# [PROBLEM DETAILS]
In the data below, find the line containing "Now scan the" and the line containing "We jack the", then reproduce them and every line between, exactly. Omit pictures.
[[ INFORMATION, beginning ]]
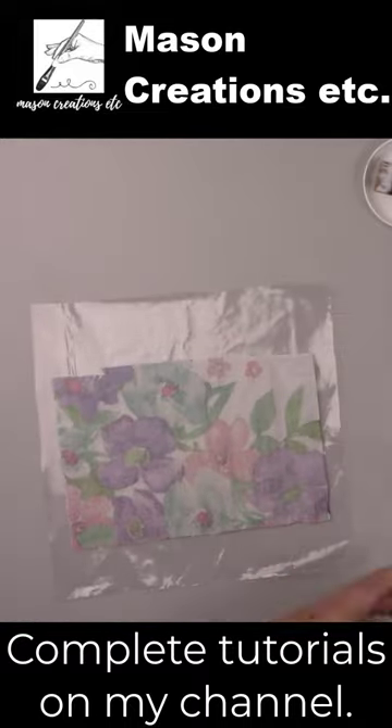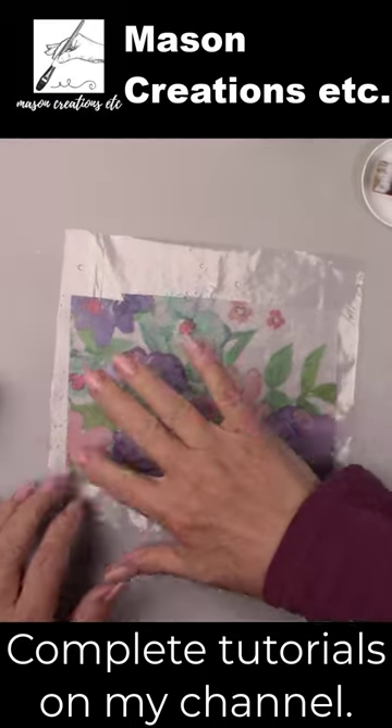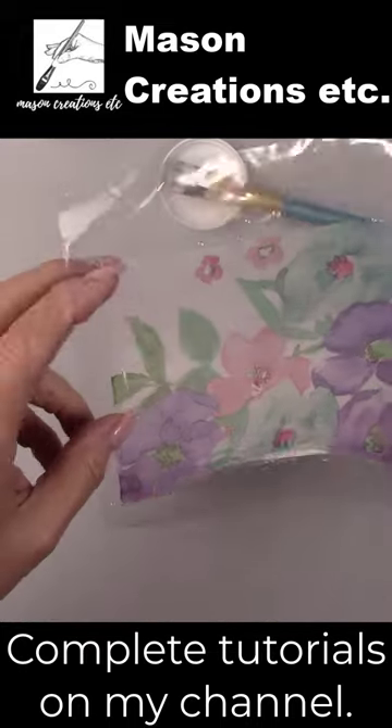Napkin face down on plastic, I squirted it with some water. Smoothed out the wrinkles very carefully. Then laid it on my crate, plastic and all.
[[ INFORMATION, end ]]
[[ INFORMATION, beginning ]]
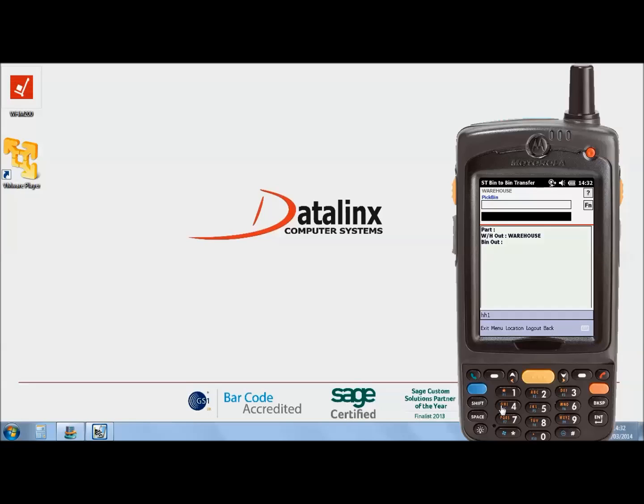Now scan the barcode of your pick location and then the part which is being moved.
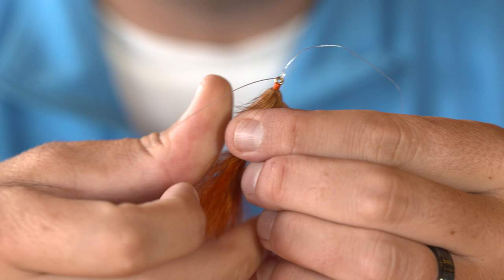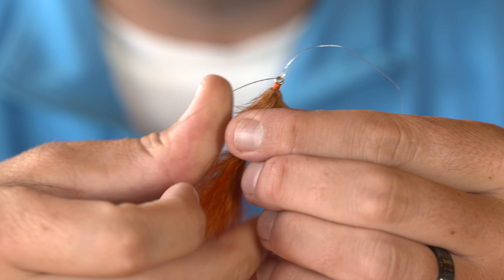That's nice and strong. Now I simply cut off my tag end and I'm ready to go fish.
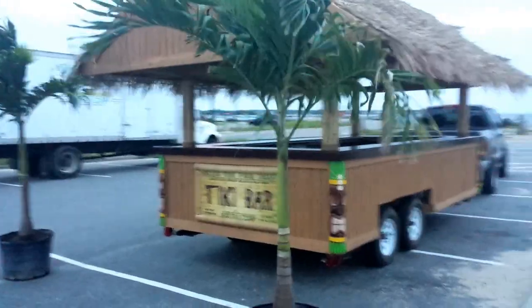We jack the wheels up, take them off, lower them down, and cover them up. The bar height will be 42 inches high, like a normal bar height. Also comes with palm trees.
[[ INFORMATION, end ]]
# [EXERCISE OUTPUT]
Now scan the barcode of your pick location and then the part which is being moved.
That's nice and strong. Now I simply cut off my tag end and I'm ready to go fish.
We jack the wheels up, take them off, lower them down, and cover them up. The bar height will be 42 inches high, like a normal bar height. Also comes with palm trees.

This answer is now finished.